• AIM OF THE EXERCISE
Could you set down the listing below exactly, leaving out its pictures?

• DATASET CONTENT
+---+
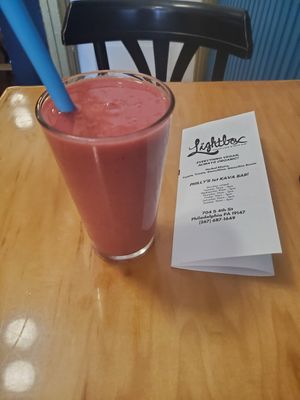 Mango Dragon: Mango, Pineapple, Dragonfruit, Goji, Berry & Cold-Pressed Apple Juice #Veganuary at Lightbox Cafe in Philadelphia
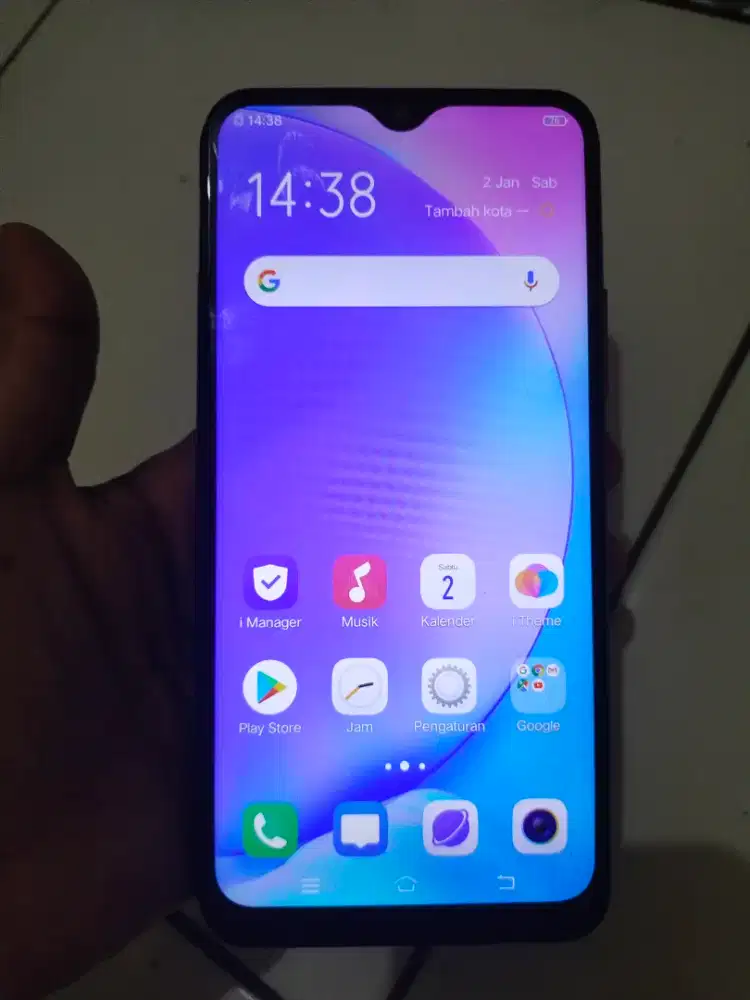 Vivo Y12   8/128  minus retak tp ga ngaruh sentuhan normal nokendala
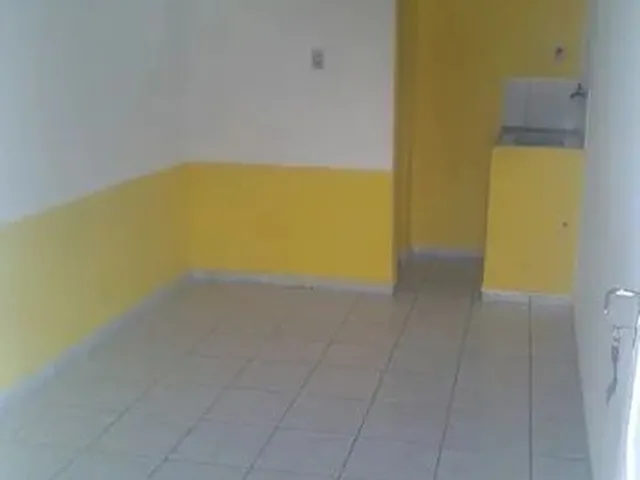 Imagem 2: Quartinhos em Candelaria 330,00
+---+
• TASK ANSWER
 Mango Dragon: Mango, Pineapple, Dragonfruit, Goji, Berry & Cold-Pressed Apple Juice #Veganuary at Lightbox Cafe in Philadelphia
 Vivo Y12   8/128  minus retak tp ga ngaruh sentuhan normal nokendala
 Imagem 2: Quartinhos em Candelaria 330,00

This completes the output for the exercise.